Let $\sum_0^\infty$ $a_k$ be a real convergent series. Show that the power series $f(x) := \sum_0^\infty a_k x^k$ is continuous on $[0, 1]$.
I know that within the radius of convergence it is true by uniform continuity of power series. But on the boundary (circle of convergence), this may not be true. How should this be proved?
Also, it should be noted that the series $ \sum_0^\infty|a_k|$ may be divergent.
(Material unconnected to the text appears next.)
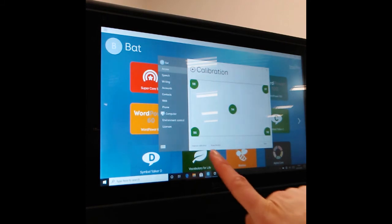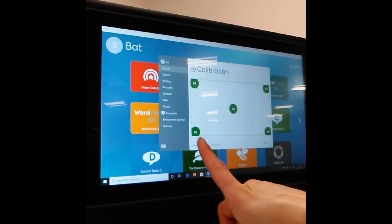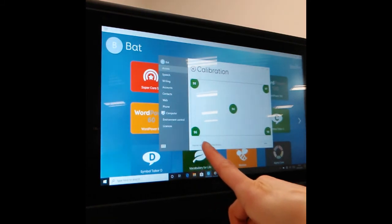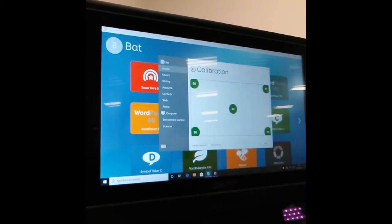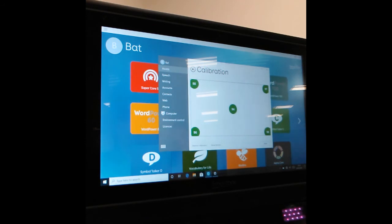You can also do this Improve Calibration option, which will enable you to work on the calibration and see if it can pick you up a little bit better.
If $\sum_0^\infty a_k$ converges, $\sum_0^\infty a_k x^k$ converges uniformly over $[0,1]$.
Let $\epsilon>0$. Let $r_n=\sum_{k=n}^\infty a_k$.
$r_n\to 0$ so there's some $N$ such that $n\geq N \implies |r_n|\leq \epsilon$
Note that
$$\sum_{k=n}^\infty a_k x^k=\sum_{k=n}^\infty (r_k-r_{k+1})x^k=r_nx^n + \sum_{k=n+1}^\infty r_k(x^k-x^{k-1})$$
If $n\geq N$ and $x\in [0,1]$ is arbitrary,
$|r_nx^n|\leq |r_n|\leq \epsilon$ and $$\big|\sum_{k=n+1}^\infty r_k(x^k-x^{k-1}) \big| \leq \sum_{k=n+1}^\infty \big|r_k(x^k-x^{k-1})\big| \leq \epsilon \sum_{k=n+1}^\infty |x^k-x^{k-1}| = \epsilon \sum_{k=n+1}^\infty (x^{k-1} - x^k) = \epsilon x^n \leq \epsilon.$$ Therefore, $$n\geq N \implies \forall x\in [0,1], \left|\sum_{k=n}^\infty a_k x^k \right|\leq 2\epsilon $$
Uniform convergence implies continuity.